2 Probability
For the convenience of online teaching in the fall semester of 2020, the layout is modified with wide margins and line space for note taking.
2.1 Introduction
With the advent of big data, computer scientists have come up with a plethora of new algorithms that are aimed at revealing patterns from data. Machine learning and artificial intelligence become buzz words that attract public attention. They defeated best human Go players, automated manufacturers, powered self-driving vehicles, recognized human faces, and recommended online purchases. Some of these industrial successes are based on statistical theory, and statistical theory is based on probability theory. Although this probabilistic approach is not the only perspective to understand the behavior of machine learning and artificial intelligence, it offers one of the most promising paradigms to rationalize existing algorithms and engineer new ones.

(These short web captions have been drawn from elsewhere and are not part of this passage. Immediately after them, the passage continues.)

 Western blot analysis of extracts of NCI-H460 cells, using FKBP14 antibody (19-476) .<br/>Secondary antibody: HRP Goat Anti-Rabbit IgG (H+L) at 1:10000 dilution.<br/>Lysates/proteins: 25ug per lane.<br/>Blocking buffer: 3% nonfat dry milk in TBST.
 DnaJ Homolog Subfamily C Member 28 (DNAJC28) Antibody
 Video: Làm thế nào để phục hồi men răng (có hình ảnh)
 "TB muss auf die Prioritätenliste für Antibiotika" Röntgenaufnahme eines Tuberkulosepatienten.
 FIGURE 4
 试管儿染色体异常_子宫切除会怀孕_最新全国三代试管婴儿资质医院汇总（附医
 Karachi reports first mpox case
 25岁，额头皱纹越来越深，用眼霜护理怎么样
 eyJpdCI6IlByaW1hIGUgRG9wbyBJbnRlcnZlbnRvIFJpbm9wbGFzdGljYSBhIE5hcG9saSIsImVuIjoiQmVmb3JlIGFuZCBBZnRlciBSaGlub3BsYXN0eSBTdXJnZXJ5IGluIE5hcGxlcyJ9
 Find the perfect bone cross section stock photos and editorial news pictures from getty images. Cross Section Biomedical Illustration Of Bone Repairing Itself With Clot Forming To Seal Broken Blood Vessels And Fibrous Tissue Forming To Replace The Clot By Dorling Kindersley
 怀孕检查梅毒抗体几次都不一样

Economics has been an empirical social science since Adam Smith (1723–1790). Many numerical observations and anecdotes were scattered in his Wealth of Nations published in 1776. Ragnar Frisch (1895–1973) and Jan Tinbergen (1903--1994), two pioneer econometricians, were awarded in 1969 the first Nobel Prize in economics. Econometrics provides quantitative insights about economic data. It flourishes in real-world management practices, from households and firms up to governance at the global level. Today, the big data revolution is pumping fresh energy into research and exercises of econometric methods. The mathematical foundation of econometric theory is built on probability theory as well.
2.2 Axiomatic Probability
Human beings are awed by uncertainty in daily life. In the old days, Egyptians consulted oracles, Hebrews inquired prophets, and Chinese counted on diviners to interpret tortoise shell or bone cracks. Fortunetellers are abundant in today’s Hong Kong.

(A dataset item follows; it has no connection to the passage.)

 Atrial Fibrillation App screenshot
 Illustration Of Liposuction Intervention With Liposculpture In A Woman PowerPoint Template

Probability theory is a philosophy about uncertainty. Over centuries, mathematicians strove to contribute to the understanding of randomness. As measure theory matured in the early 20th century, Andrey Kolmogorov (1903-1987) built the edifice of modern probability theory in his monograph published in 1933. The formal mathematical language is a system that allows rigorous explorations which have made fruitful advancements, and is now widely accepted in academic and industrial research.

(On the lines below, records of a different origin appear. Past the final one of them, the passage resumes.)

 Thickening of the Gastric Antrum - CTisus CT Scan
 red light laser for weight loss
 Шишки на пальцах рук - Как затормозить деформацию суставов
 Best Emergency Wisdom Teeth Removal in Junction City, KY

In this lecture, we will briefly introduce the axiomatic probability theory along with familiar results covered in undergraduate probability and statistics. This lecture note is at the level
Hansen (2020): Introduction to Econometrics, or
Stachurski (2016): A Primer in Econometric Theory, or
Casella and Berger (2002): Statistical Inference (second edition)
Interested readers may want to read this textbook for more examples.
2.2.1 Probability Space
A sample space \(\Omega\) is a collection of all possible outcomes. It is a set of things. An event \(A\) is a subset of \(\Omega\). It is something of interest on the sample space. A \(\sigma\)-field, denoted by \(\mathcal{F}\), is a collection of events such that
\(\emptyset\in\mathcal{F}\);
if an event \(A\in\mathcal{F}\), then \(A^{c}\in\mathcal{F}\);
if \(A_{i}\in\mathcal{F}\) for \(i\in\mathbb{N}\), then \(\bigcup_{i\in\mathbb{N}}A_{i}\in\mathcal{F}\).
Implications: (a) Since \(\Omega=\emptyset^{c}\in\mathcal{F}\), we have \(\Omega\in\mathcal{F}\). (b) If \(A_{i}\in\mathcal{F}\) for \(i\in\mathbb{N}\), then \(A_{i}^{c}\in\mathcal{F}\) for \(i\in\mathbb{N}\). Thus, if \(\bigcup_{i\in\mathbb{N}}A_{i}^{c}\in\mathcal{F}\) , then \(\bigcap_{i\in\mathbb{N}}A_{i}=(\bigcup_{i\in\mathbb{N}}A_{i}^{c})^{c}\in\mathcal{F}\).
- 1.1*. Intuitively, a \(\sigma\)-field is a pool which is closed for countable sets to conduct union, difference, and intersection operations. These are algebraic operations of sets. \(\sigma\)-field is also called \(\sigma\)-algebra.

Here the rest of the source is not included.